Astronaut Anne McClain and fellow astronaut Christina Koch were set to exit the ISS to conduct a six-hour mission to replace two large lithium-ion batteries outside the space station on March 29. Women would have also performed crucial work on the ground; Mary Lawrence and Kristen Facciol were set to serve as lead flight director and lead spacewalk flight controller, respectively, supporting McClain and Koch from NASA’s Johnson Space Center in Houston.
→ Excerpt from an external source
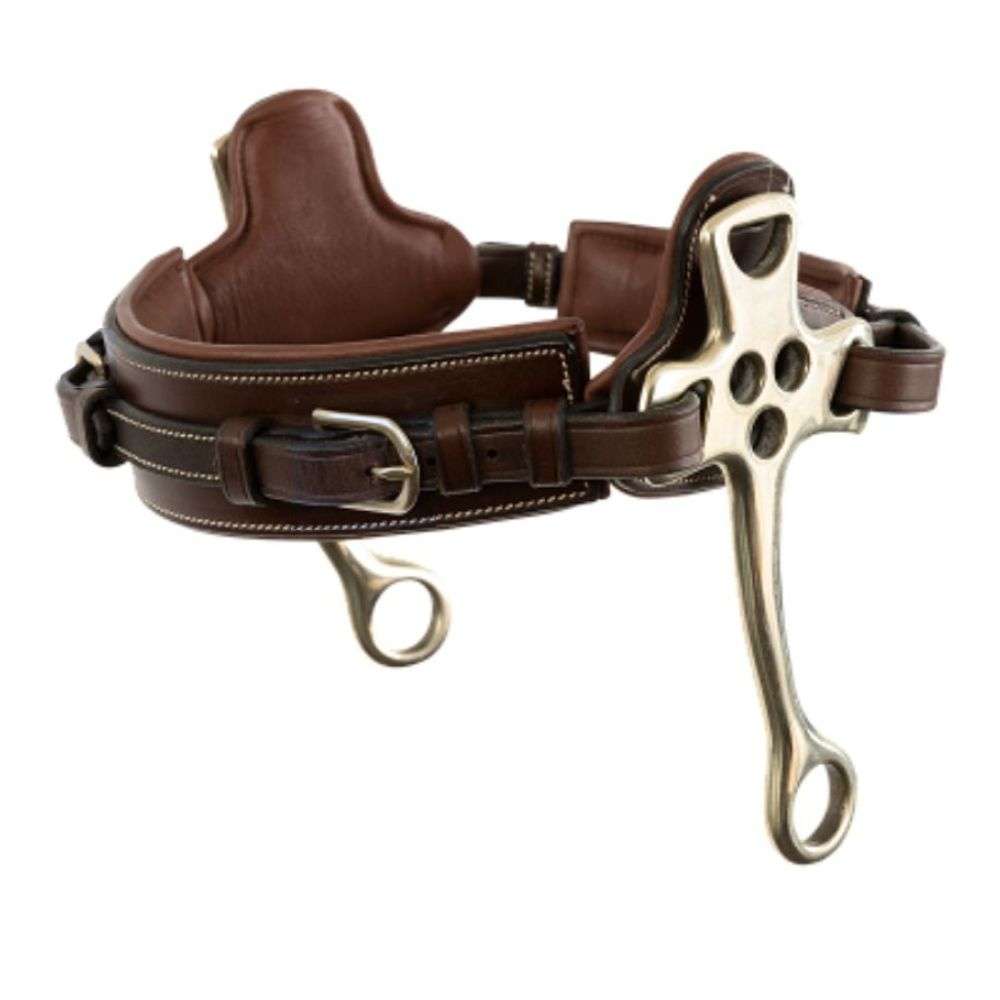 trust padded leather hackamore noseband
McClain had noticed a week prior that the top half of the suit, or “shirt,” she had been using was too big to use outside the ISS and decided it be safer for someone else to take her place. (There are two medium-size suits available, but one is not currently suitable for work outside the spacecraft.) Ill-fitting suits can affect visibility and mobility while conducting tasks outside the space station, as well as create difficulty changing the settings within the suit itself. Spacewalks are considered one of the most physically challenging parts of an astronaut’s job.
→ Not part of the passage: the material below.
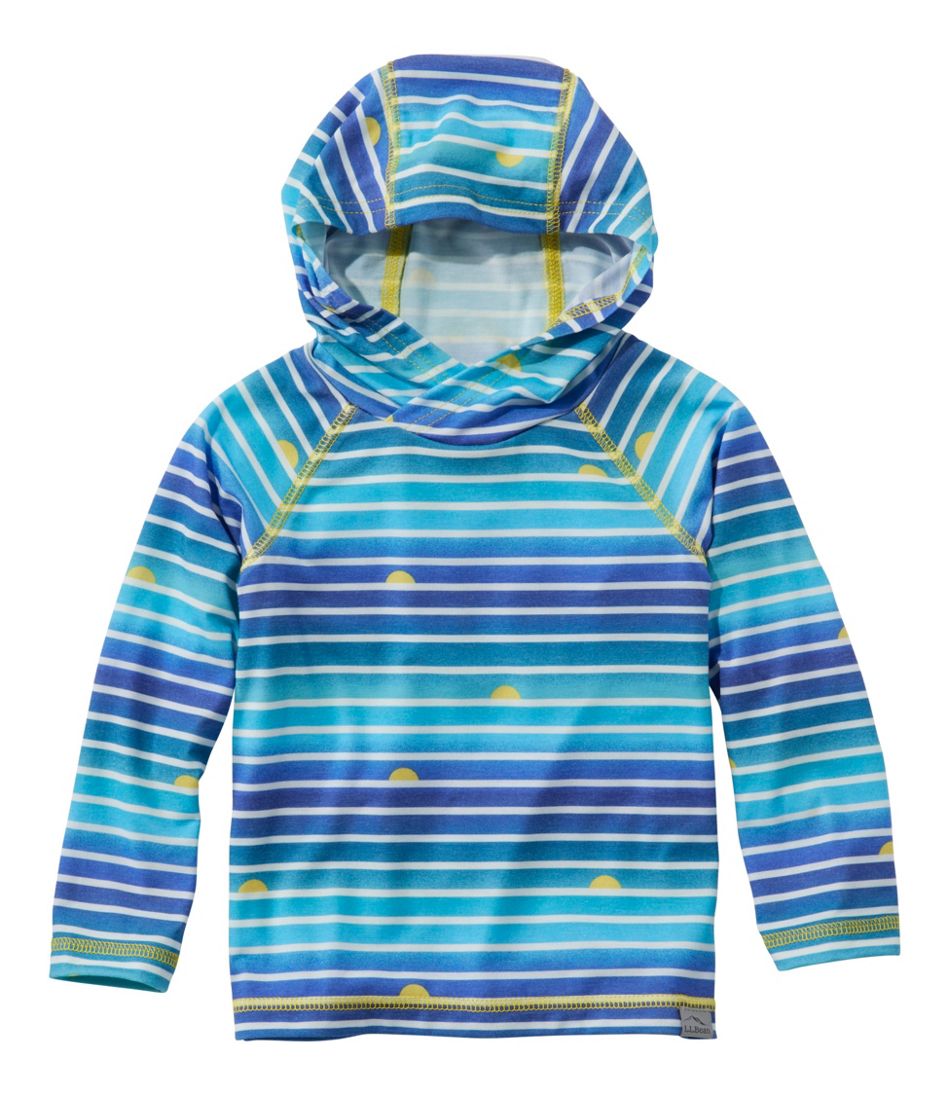 L.L.BeanToddlers' Everyday SunSmart® Hooded Tee, Long-Sleeve Stripe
In addition, it can take close to an hour just to put a suit on, and that’s without making adjustments. It’s much easier to substitute an astronaut who will properly fit the available suit, so NASA astronaut Nick Hague will tap in.
“When you have the option of just switching the people, the mission becomes more important than a cool milestone,” NASA spokesperson Stephanie Schierholz said.
The mission would have been a fitting landmark moment during Women’s History Month, though NASA spokeswoman Stephanie Schierholz tells CNN’s Gianluca Mezzofiore that it “was not orchestrated to be this way” and “assignments and schedules could always change.”
A spacewalk, also known as extravehicular activity (EVA), is a broad term that applies to any time an astronaut exits a vehicle while in space. According to NASA, astronauts conduct spacewalks for a number of reasons: to carry out experiments in space, to test new equipment, or to repair satellites and spacecraft.
The first ever spacewalk was carried out by Alexei Leonov in March 1965, and the first woman to take part in a spacewalk was Russian cosmonaut Svetlana Savitskaya, who performed welding experiments outside the Salyut 7 space station on July 25, 1984. Though women make up a growing number of NASA astronauts, women continue to be underrepresented in space exploration. And for the most part, “spacewalks have been … conducted by male astronauts, with the help of some female crewmembers,” as Shaiann Frazier previously reported for NBC News.
The two women set to make space history on March 29 were both part of NASA’s 2013 astronaut class. McClain, an aerospace engineer and a senior army aviator, has been on board the International Space Station since December 2018. Koch, who has a background in electrical engineering and physics, will launch into space on March 14 and join McClain at the ISS.
Earlier this month, Facciol, the lead flight controller, tweeted her support for an all-female spacewalk. But, she added in another tweet, “here’s hoping this will be the norm one day!”
Because in this case, two of the six astronauts trained to complete this specific task happened to be women, the opportunity for another all-female spacewalk could come around soon, report Lindsey Bever, Kayla Epstein and Allyson Chiu for the Washington Post.
“We believe an all-female spacewalk is inevitable,” Schierholz told The Post.
Editor’s Note, March 27, 2019: This story was updated to reflect the cancellation of the first all-female spacewalk.